# Base Layer — Behavioral Compression Research

# Provenance Evaluation Framework

**Date:** March 2026
**Authors:** Aarik Gulaya
**Cost:** $0 (fully mechanical)

---

## Abstract

We developed a provenance-based evaluation framework to replace LLM-as-judge scoring for behavioral briefs. The core problem: using an LLM to judge whether a brief accurately represents a person is circular — the judge has no ground truth and no way to verify claims. Our framework introduces four mechanical layers (Brief Activation, Provenance Coverage, Reasoning Chain Reconstruction, Priority Ordering) that trace every claim in a brief back to source facts, measure coverage, and assess structural fidelity. Phase 1 (BA + PC) has been completed on two subjects. The framework costs $0 to run and produces fully human-auditable results.

## Methodology

The framework consists of four layers, each building on the previous:

**Layer 1 — Brief Activation (BA):** For each claim in the brief, generate a behavioral prediction. Then test whether that prediction can be confirmed or denied by the source facts. This measures whether the brief produces actionable behavioral signals, not just plausible-sounding descriptions.

**Layer 2 — Provenance Coverage (PC):** Map every claim in the brief to its source facts via vector similarity. Compute coverage: what percentage of claims have traceable provenance? What percentage of high-confidence source facts are represented in the brief? This measures both precision (claims are grounded) and recall (important facts are captured).

**Layer 3 — Reasoning Chain Reconstruction (RCR):** For claims that aggregate multiple source facts, reconstruct the reasoning chain. Can a human follow the path from source facts to synthesized claim? This measures whether the compression is transparent or opaque. Not yet implemented.

**Layer 4 — Priority Ordering (PO):** Compare the brief's implicit priority ordering (what it emphasizes, what it omits) against empirical behavioral frequency in the source data. Does the brief emphasize patterns that actually recur, or does it fixate on vivid but rare behaviors? Not yet implemented.

## Results

Phase 1 results on two subjects:

| Metric | Marks (74 memos) | Aarik (1,892 convos) |
|--------|-------------------|----------------------|
| BA — Claims producing predictions | High | High |
| PC — Claims with provenance | High | High |
| PC — Source fact coverage | Moderate | Moderate |

Specific numerical scores are documented in the full provenance evaluation report.

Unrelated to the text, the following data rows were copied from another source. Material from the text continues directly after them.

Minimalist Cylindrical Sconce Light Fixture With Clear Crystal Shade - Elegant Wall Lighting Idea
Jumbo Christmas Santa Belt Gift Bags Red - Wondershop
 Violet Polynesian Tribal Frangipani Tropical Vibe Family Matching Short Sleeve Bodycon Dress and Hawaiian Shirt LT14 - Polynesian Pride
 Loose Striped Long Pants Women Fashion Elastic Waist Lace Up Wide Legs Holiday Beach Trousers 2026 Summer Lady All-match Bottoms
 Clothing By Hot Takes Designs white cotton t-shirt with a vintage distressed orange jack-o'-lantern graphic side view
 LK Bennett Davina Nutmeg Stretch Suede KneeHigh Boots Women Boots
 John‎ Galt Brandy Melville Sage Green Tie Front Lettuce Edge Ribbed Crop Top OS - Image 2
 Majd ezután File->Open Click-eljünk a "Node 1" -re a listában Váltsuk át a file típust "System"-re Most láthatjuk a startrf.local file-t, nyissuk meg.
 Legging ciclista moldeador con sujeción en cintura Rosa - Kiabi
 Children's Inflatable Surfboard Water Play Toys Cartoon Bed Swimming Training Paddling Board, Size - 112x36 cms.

The key qualitative finding: claims in the brief are well-grounded (high precision), but significant source material is omitted (moderate recall). This is expected — compression inherently discards information. The question is whether the right information is retained, which Layers 3 and 4 are designed to answer.

## Key Findings

1. **LLM-as-judge is circular for identity evaluation.** When a model scores whether a brief "captures" someone, it has no access to the person. It scores plausibility, not accuracy. This is the fundamental motivation for mechanical evaluation.

2. **Provenance tracing is tractable.** Every claim in a Base Layer brief can be mapped to source facts via vector similarity. The pipeline's extraction-to-compression path is transparent enough for post-hoc auditing.

3. **Precision is high, recall is moderate.** The brief does not make things up, but it leaves things out. This is by design — a 2,000-character brief cannot represent 1,892 conversations. The evaluation question shifts from "is the brief accurate?" to "does it omit anything important?"

4. **$0 evaluation is possible.** No API calls are required for BA or PC layers. Vector similarity, set coverage, and structural analysis are all local computations. This makes the framework scalable to any number of subjects.

5. **Human auditability is the real standard.** If a human cannot trace a claim back to evidence, the claim is not evidence — regardless of what a judge model scores it. This principle drives the entire framework design.

## Limitations

- Phase 2 (RCR + PO) is designed but not yet implemented. The framework is incomplete.
- Vector similarity is a proxy for semantic grounding. Two statements can be similar in embedding space without one actually supporting the other.
- BA layer generates predictions from claims, but does not validate those predictions against held-out behavioral data. It measures activation, not accuracy.
- Tested on two subjects only. One (Aarik) is the system developer, introducing potential bias in what the pipeline extracts and how the evaluation interprets results.
- The framework evaluates brief content but not brief format. A well-grounded brief in a poor format could score high on provenance but fail on downstream tasks.